The 3 Flows That Benefit Most From SMS Integration
1. Abandoned Cart SMS lifts cart recovery rate by 5–10 percentage points when added to an email-only flow. The key is adding the SMS touch at the 48–72 hour mark, not within the first 6 hours (where email alone typically handles it effectively and SMS feels aggressive). Use SMS to surface the urgency of cart expiry or limited stock.
2. BFCM Launch The biggest SMS revenue opportunity of the year. An SMS sent at 6am on Black Friday with “Our biggest sale is LIVE. 30% off everything. Shop now: [link]” will generate clicks within 3 minutes of send, front-loading your BFCM traffic before the inbox gets noisy.
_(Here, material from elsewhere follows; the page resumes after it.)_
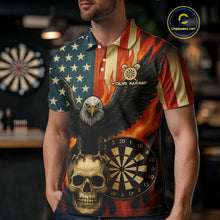 Load image into Gallery viewer, Custom Men's US Flag Patriotic Darts Shirt Flame Eagle Retro Dart Jerseys, Darts Team NYN1128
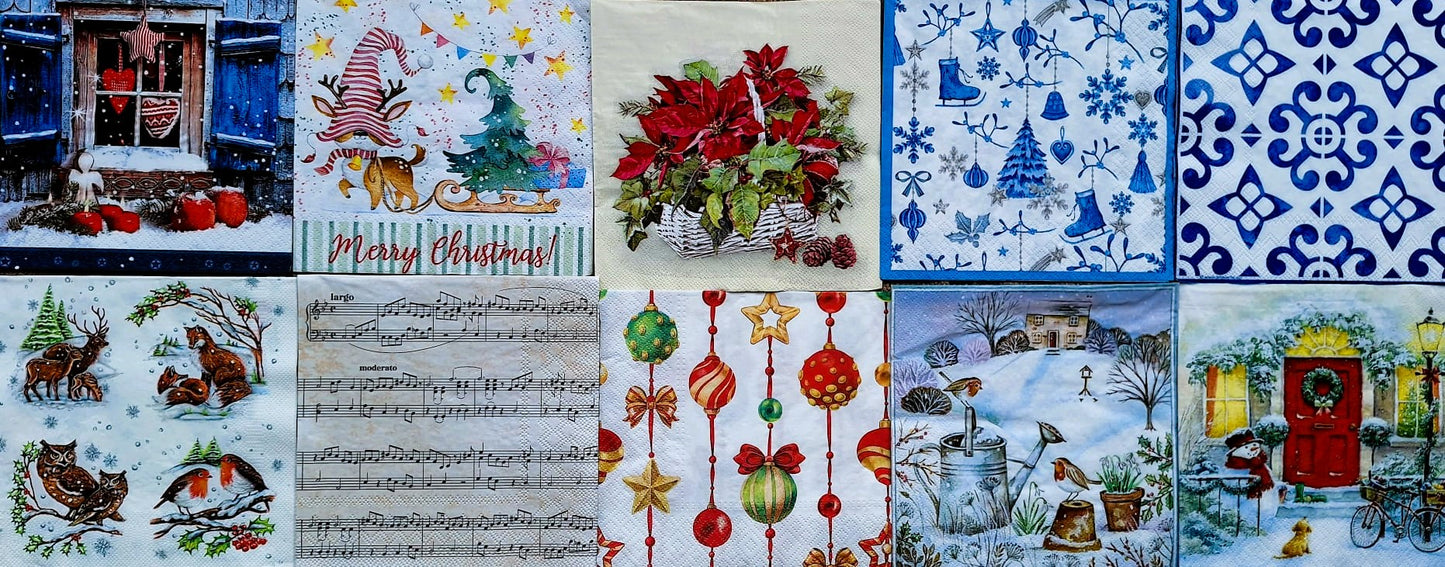 Servietten Set mit Decoupage-Kleber - Winter Wunderland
This alone can shift 15–25% of your BFCM revenue to the first 2 hours of the sale window.
3. Win-Back SMS win-back outperforms email win-back for one simple reason: a subscriber who’s stopped opening emails still has a functioning phone number. An SMS win-back sequence (1–2 texts, high-value offer, clear opt-out path) can reactivate 8–15% of subscribers who have completely ghosted your email program. It is a genuinely different channel accessing a different behaviour pattern.
Measuring SMS Performance in Klaviyo
Klaviyo tracks SMS analytics at the flow and campaign level. The metrics to monitor:
Click rate: SMS click rates of 15–25% are achievable with well-timed, relevant messages. Below 10% suggests the content or timing is off. Above 25% indicates exceptional relevance. Note what worked.
Opt-out rate: Industry standard is under 3% per campaign. Anything above 5% is a signal: either frequency is too high, the content isn’t relevant, or your acquisition method isn’t setting the right expectations. BFCM sends will typically see elevated opt-outs (3–6%), so budget for this.
Revenue per send: SMS revenue per send should exceed email revenue per send for the flows where you’re using it, because SMS is reserved for your highest-intent moments. If your SMS abandoned cart touch isn’t generating at least $0.30–$0.50 RPR, the timing or offer needs revision.
Cost per SMS send: Calculate your SMS channel ROAS as (SMS-attributed revenue) / (SMS credit cost). A healthy ratio is 15:1 or above. Below 10:1, the channel is working but thin. Below 5:1, reassess whether the channel is ready to scale.
The Bottom Line on Dual-Channel
Email and SMS are not the same channel with different formatting. They have different costs, different compliance requirements, different timing windows, and different audience expectations. Running both well means:
- Keeping SMS reserved for genuinely time-sensitive, high-urgency moments
- Staggering touches within flows rather than sending simultaneously
- Staying under 160 characters to control credit costs
- Monitoring opt-out rates weekly and adjusting frequency before they spike
- Ensuring carrier registration is completed well before your highest-send periods
Brands that treat SMS with this discipline consistently see 20–30% incremental revenue lift over email-only programs, with opt-out rates that stay sustainable long term.